The OAU, Inherited Borders, and State-Building

The Organization of African Unity was created at Addis Ababa in 1963, when many newly independent governments feared both neocolonialism and fragmentation. The organization defended African unity, state sovereignty, the eradication of colonialism, and cooperation among governments. African leaders disagreed about the path to integration. Nkrumah and the Casablanca group favored a faster political union. Governments associated with the Monrovia group preferred gradual cooperation and firm preservation of national sovereignty.

The decision to respect inherited colonial borders had mixed effects. It reduced the danger that each independence would open generalized territorial disputes, since almost every African border could have been challenged through older political histories. At the same time, it kept together groups with distinct trajectories and separated communities linked by trade, religion, and kinship. State-building in turn required the transformation of colonial apparatuses designed for extraction and control into institutions capable of delivering services, administering citizenship, and negotiating national belonging.

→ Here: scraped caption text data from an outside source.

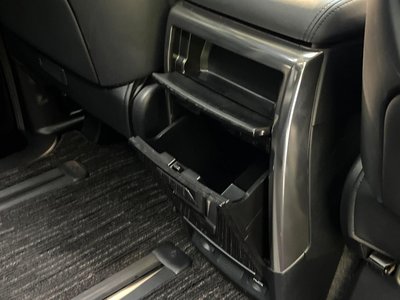 2021 TOYOTA ALPHARD 缩略图 48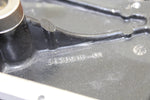 99 Polaris SLTH OEM Outer Stator Cover 1201827 JP2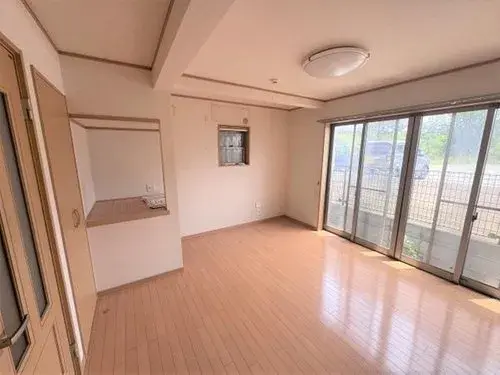 2DK Property Edogawa Ward Tokyo (2)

Neocolonialism made that task harder. Former metropoles and foreign companies continued to influence currencies, exports, and investment. International banks, military allies, and local power networks conditioned loans, training, and access to markets. Formal independence gave new governments seats at the UN and symbols of sovereignty inside economies still dependent on monoculture exports, mining, external aid, and prices set outside the continent. African decolonization was a historic victory and a difficult beginning. It destroyed the legal foundation of European empires in Africa and left new states with the problem of turning international sovereignty into economic autonomy, political stability, and social inclusion.